◆ Your objective
Pictures excluded, please retype exactly the lines from the start of the data through the line that contains "Police officer mascot", both ends kept, and nothing beyond them.

◆ Supplied material
═══

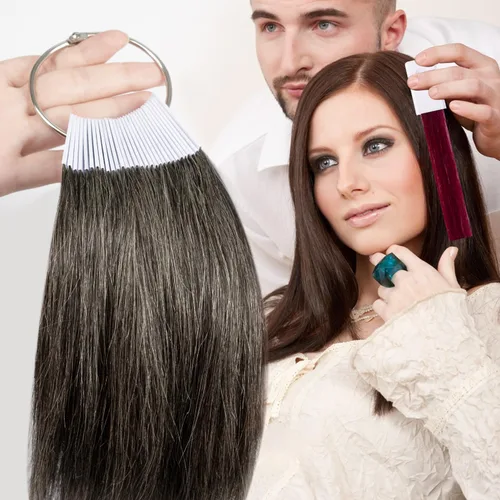 Miniatura 7 de Anillos de color de cabello – Muestras de prueba de muestras de cabello 100% humano – 8 pulgadas gris – 30 unidades/paquete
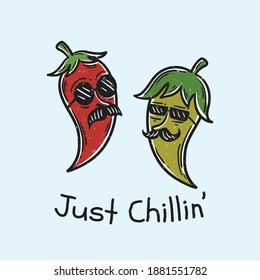 Vintage Illustration Just Chillin Chilli Peppers Pun Poster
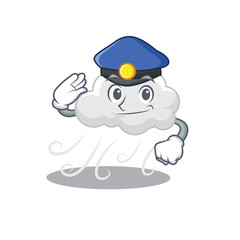 Police officer mascot design of cloudy windy wearing a hat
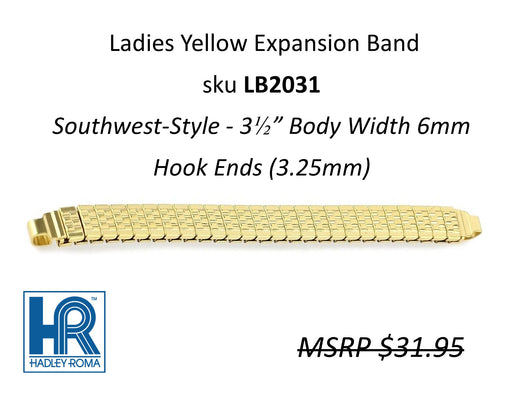 LB2031 Ladies Southwest-Style Watch Band 3-1/2" Yellow - Default Title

═══

◆ Written answer
 Miniatura 7 de Anillos de color de cabello – Muestras de prueba de muestras de cabello 100% humano – 8 pulgadas gris – 30 unidades/paquete
 Vintage Illustration Just Chillin Chilli Peppers Pun Poster
 Police officer mascot design of cloudy windy wearing a hat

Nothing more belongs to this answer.